I had only about 100~ followers on Tumblr and most of them were internet friends of some degree. I posted it for the benefit of this small, immediate circle to read and maybe have a chuckle at. I had no intention of it being perpetuated to the far ends of the internet.

For a while, that was it. I posted it and got a few reactions from people I knew. Imagine my surprise when I log into Tumblr some week or so later to several inbox messages and the red notification number stuck on 99+.

Some major Tumblr blog picked it up and it was all over for me. This pretty uneventful, overwrought anecdote about someone else (remember, the story isn't even about me!) missing a bus earned me accusations of lying and clout-chasing (how this story was supposed to earn me any clout, I'm still not sure).

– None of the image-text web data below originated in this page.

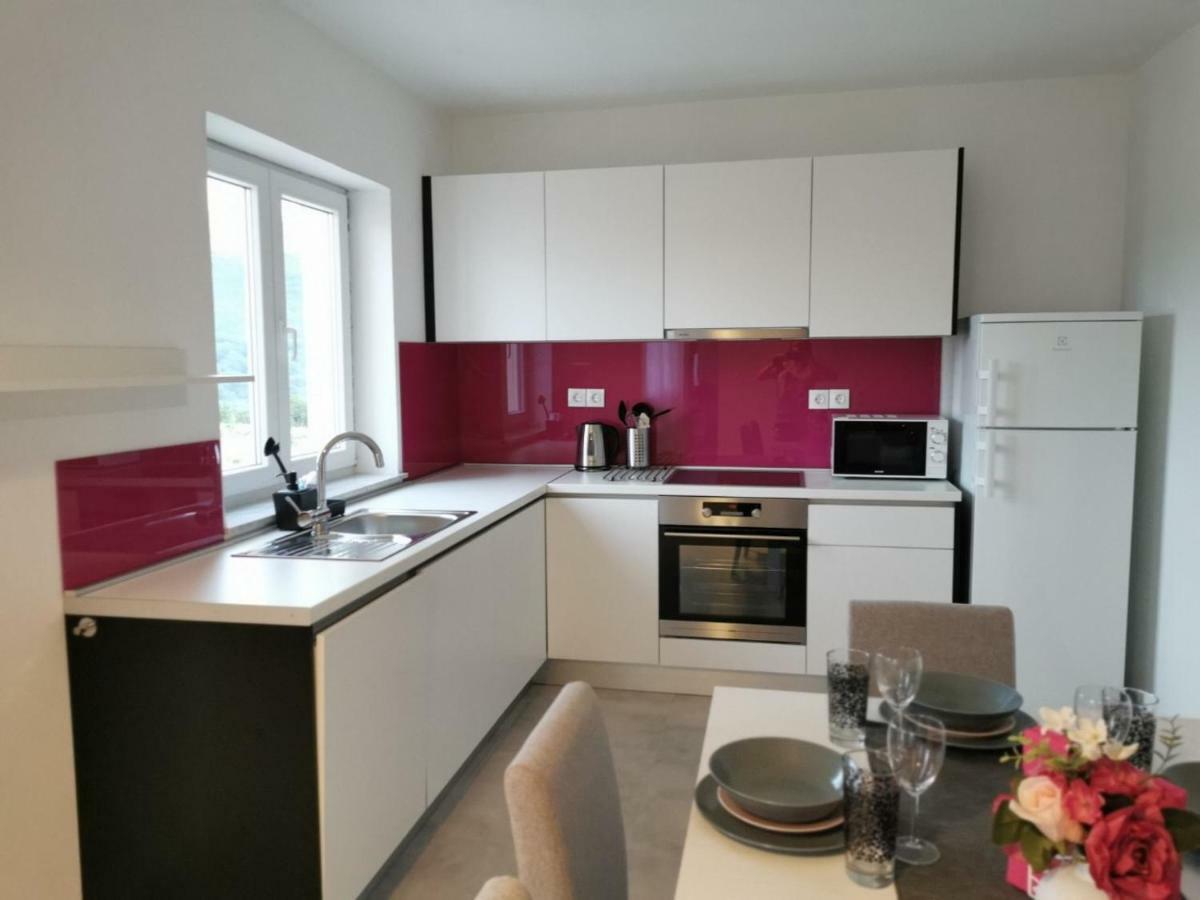 Vila Zdenka Novi Vinodolski Extérieur photo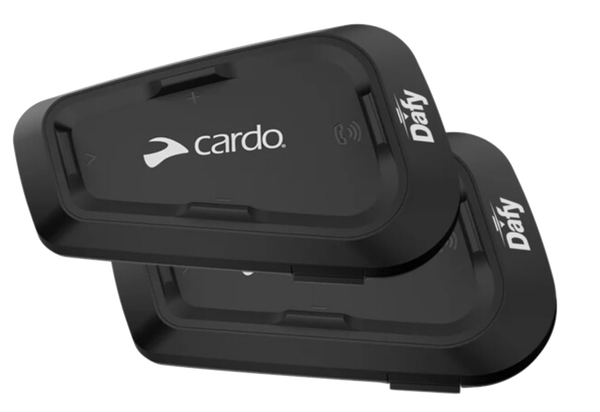 INTERCOM MOTO PAS CHER CARDO SPIRIT DUO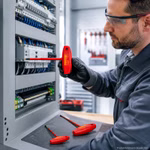 Bild der wiha TGriff 334N Stiftschlüssel Bild der wiha TGriff 334N Stiftschlüssel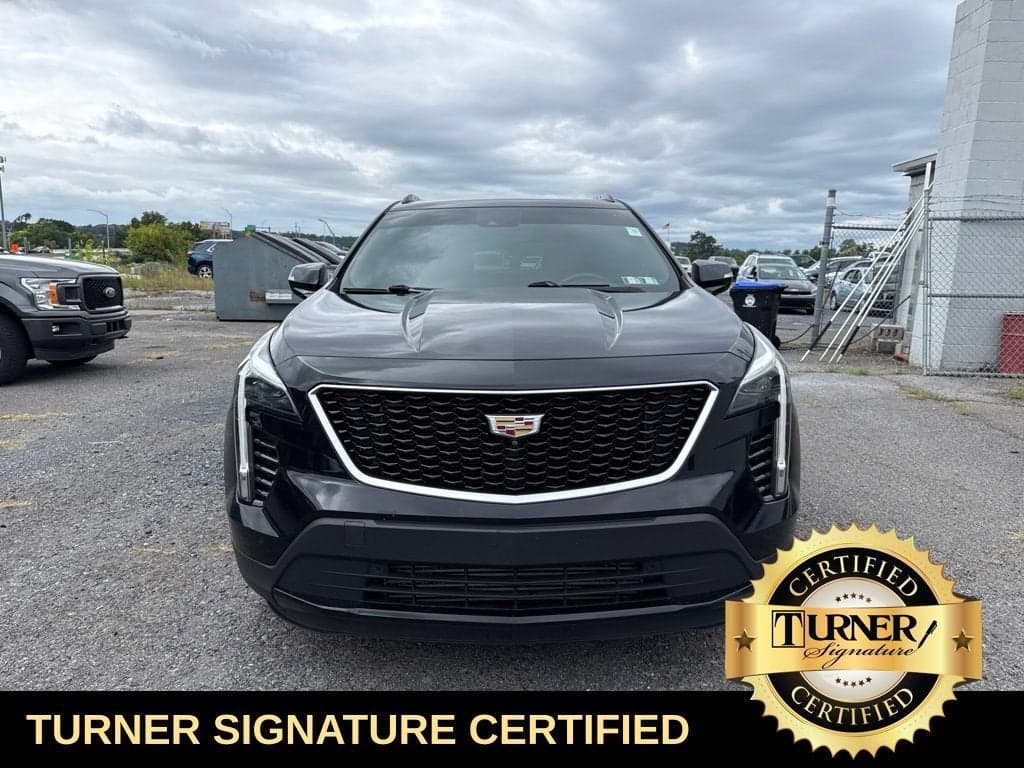 2019 Cadillac XT4 AWD Sport — photo 1 of 27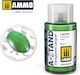 Ammo Modellbau Farbe Transparent Green 30ml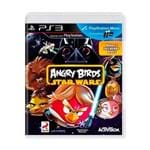 Ficha técnica e caractérísticas do produto Jogo Angry Birds: Star Wars - Ps3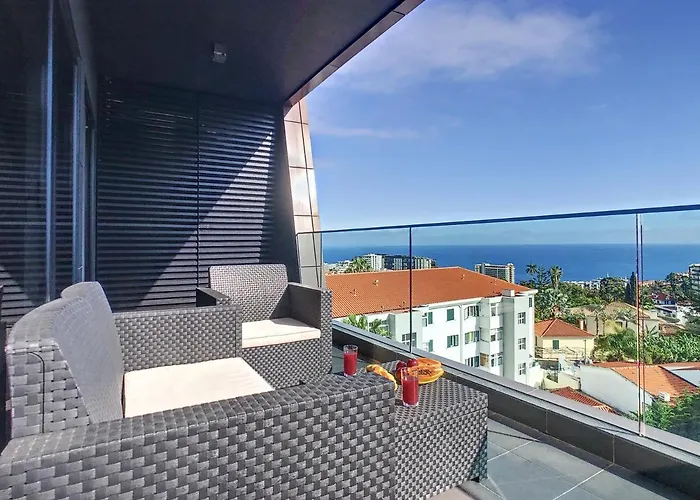 Apartament Lynx Barreiros By Lovelystay *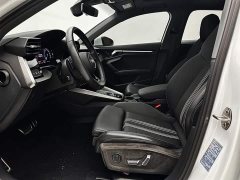 Audi A3 2021 Sportback 35 TFSI Fashion Sport - ფოტო 12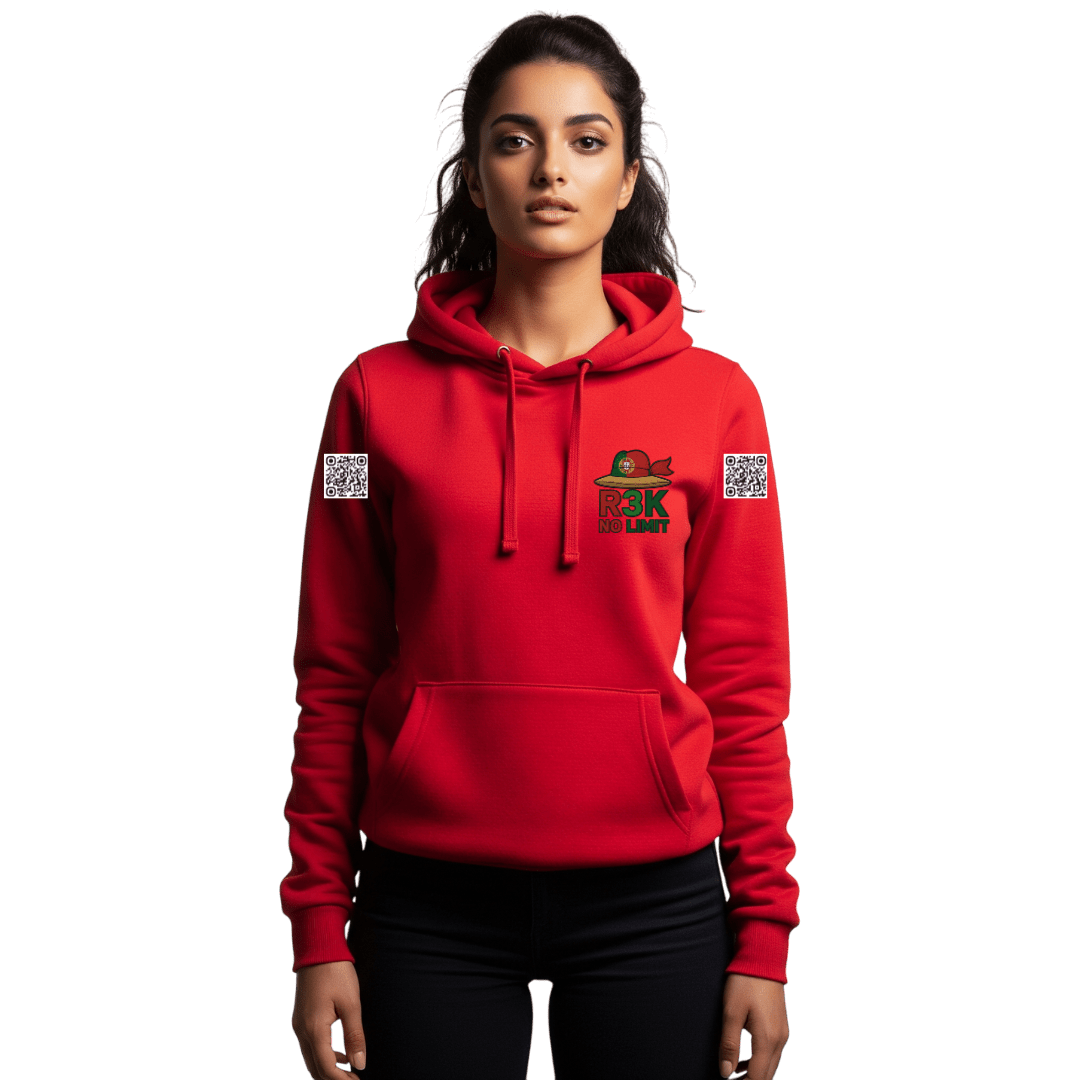 Sweat Portugal Femme - R3K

Still, it was only three messages to this effect (and maybe some people doubting the veracity of it in the notes). I'd see waves of activity on my account as it was shared around but I was mostly left alone after that initial incident. Eventually the activity subsided.

... Until it didn't. Since the time this post was made in 2013 it's been periodically resurrected on content farms, meme groups etc, and every time it's come back again for the last decade I get to enjoy watching another batch of complete strangers make absolutely bizarre, uncharitable assessments about either me or my husband (again, a lot of the time people don't recognize the story isn't about me).

So I'm going to provide some further context and commentary, mostly to address the "inconsistencies" people have pointed out as proof the story is fake (and everybody clapped). And yeah, I'm just gonna basically dox myself because I don't care anymore.

This story takes place at stop 43 on Black Road (South), Flagstaff Hill, South Australia. There is no crosswalk here and this area has moving traffic at peak times of day. Because it's flowing and not stopped (no traffic lights anywhere nearby), you have to wait for an appropriately-sized break and jaywalk. If you've just come out of Kingfisher and the bus is already there with its doors open and letting people board, you're shit out of luck. This is what happened to him and what has happened to me dozens of times as well.

The "FMC" mentioned in his post is Flinders Medical Centre. This is the site of a hospital, a university and a major bus interchange. Out in the suburbs you might need to wait 30~45 minutes for another bus. At the FMC bus interchange, one usually comes by every 10~15 minutes.

The fact they pulled ahead of the bus isn't a plot hole at all. The bus in question is the G20. From here, the G20 doesn't take a direct route to FMC - it takes a detour down Memford Way. A car can easily get ahead of the bus and I used to exploit this all time when I was running late and begging someone to drive me to the bus stop. I have helpfully illustrated this below:



There is nothing controversial about this tale. There is absolutely nothing in this story that holds a lie that would benefit either me as the person sharing it or my husband as the storyteller. It is a story about a time my husband missed a bus and hitched a ride with a stranger which resulted in a situation that surprised the bus driver, posted to his private, locked Facebook over a decade ago and which I should have never shared publicly.

Stop posting the fucking bus story.

Leave me alone.

If you've ever thought "wow, I wonder what would happen if this took off" while posting to social media, don't.